Cho — a longtime member of Council so self-effacing that he was almost exclusively known for his talent for connecting any debate, any issue, to a discussion of his native South Korea — took the mic from Brown. And then he immediately ceded it.

“Thank you very, very much,” Cho said. “Before I deliver my little thank-you speech, I’ll be very happy if my good friend, my family friend, Doug Ford says a few words. Without his help, I don’t think I could win this election, so I’d like to give this opportunity to Doug.”

That’s not how things like this are supposed to go. You start with the warm-up guy, move on to the leader, and the leader brings up the candidate. You don’t double back to the campaign manager/mascot.

“The party’s over, Kathleen,” Doug said, fantasizing about having the premier’s attention. “We’re movin’ on. Now we’re gonna have more members in Toronto. We’re gonna bring transparency and accountability at Queen’s Park, with our leader Patrick Brown and my good friend Raymond Cho.

“People in Scarborough are gonna be heard on subways!”

Cho eventually got around to speaking upon being reintroduced by Ford, delivering a seven-and-half-minute ramble about the Liberals in which he did not mention Korea.

But between the burgers in the parking lot and the photos with the fans, it was clear whose flavour of event it was. If the PCs’ victory was supposed to taste like chemical-blue freezie, it instead reeked of ketchup and mustard.

Much like Donald Trump, whom he greatly admires, Ford views politics as ego-boosting adventurism, with a deeply unnatural populist appeal serving as both the means and bare justification for his own ambitions. But also like Trump, it’s not clear what the end goal is, since he emphatically disdains the actual work of governing. He’s found a way to bask in the fun parts of politics — the bruising, the winning, the adulation — without shouldering the responsibilities of victory.

He may no longer be the co-pilot in a mayor’s office controlled by his brother, but Ford still sets the terms of debate at City Hall just by hovering over John Tory as a spectre. He’s planning a family Fest for this Friday. He is more visible than his nephew, Michael Ford, the latest councillor for Ward 2 and only member of the clan to currently hold elected office.

The PCs, meanwhile, have found a way to take advantage of whatever pull Doug has without yet shouldering the responsibility of fielding him as a candidate. In an emergency, they can push the eject button while limiting the damage to their electoral hopes.

But the arrangement isn’t entirely without baggage. 

Following the speeches, the room was cleared for a media availability with Brown and Cho. Reporters posed more questions to Brown about a potential Doug Ford candidacy than Cho was asked on any subject.

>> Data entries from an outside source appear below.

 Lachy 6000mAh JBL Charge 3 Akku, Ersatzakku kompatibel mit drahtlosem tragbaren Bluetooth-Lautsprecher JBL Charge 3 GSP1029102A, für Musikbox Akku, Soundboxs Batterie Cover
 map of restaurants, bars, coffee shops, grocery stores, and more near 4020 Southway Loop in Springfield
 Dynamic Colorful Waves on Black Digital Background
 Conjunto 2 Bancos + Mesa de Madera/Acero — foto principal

A reporter: “Hey, Patrick, is Doug Ford gonna run for you in 2018?”

Brown: “Um, I don’t think Doug has made that, uh, decision. I think he’s looking at a number of options. You know, I’ve asked for open, fair nominations around the province, and…” [Brown continues on the subject of open nominations, then answers a question no one asked about the magnitude of the win in Scarborough–Rouge River.]

The Globe’s Adrian Morrow: “Your predecessor desperately didn’t want Doug Ford to run for the provincial Tories and did everything possible to sort of discourage him from doing so. How do you feel, do you think Doug would make a good candidate, or are you gonna dispatch your chief of staff to try to discourage him from running?”

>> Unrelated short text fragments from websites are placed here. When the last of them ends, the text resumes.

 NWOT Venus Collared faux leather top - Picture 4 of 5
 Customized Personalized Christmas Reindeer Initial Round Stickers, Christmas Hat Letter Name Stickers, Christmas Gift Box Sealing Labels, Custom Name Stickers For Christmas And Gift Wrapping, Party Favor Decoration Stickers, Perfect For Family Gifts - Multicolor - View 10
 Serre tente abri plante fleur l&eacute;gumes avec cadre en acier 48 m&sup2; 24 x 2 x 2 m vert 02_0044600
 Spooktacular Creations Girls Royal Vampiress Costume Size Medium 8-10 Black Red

Brown: “Just like I said, in terms of [an earlier question on Niagara West–Glanbrook], we’re gonna have fair, open nominations. And you know, Doug is considering a number of options: I know he has got business interests, he’s got remaining municipal interests, and he has some provincial interests. So I’ll let Doug speak to that, but I’m gonna…” [He returns to the subject of open nominations and just how gosh-darn excited he is about all the candidates coming forward.]

Morrow, trying again: “Do you think Doug would be a good candidate?”

A pause.

Brown: “Well, um, I think Doug, Doug would be a good candidate.” [His voice goes up at the end, as though he is asking a question.]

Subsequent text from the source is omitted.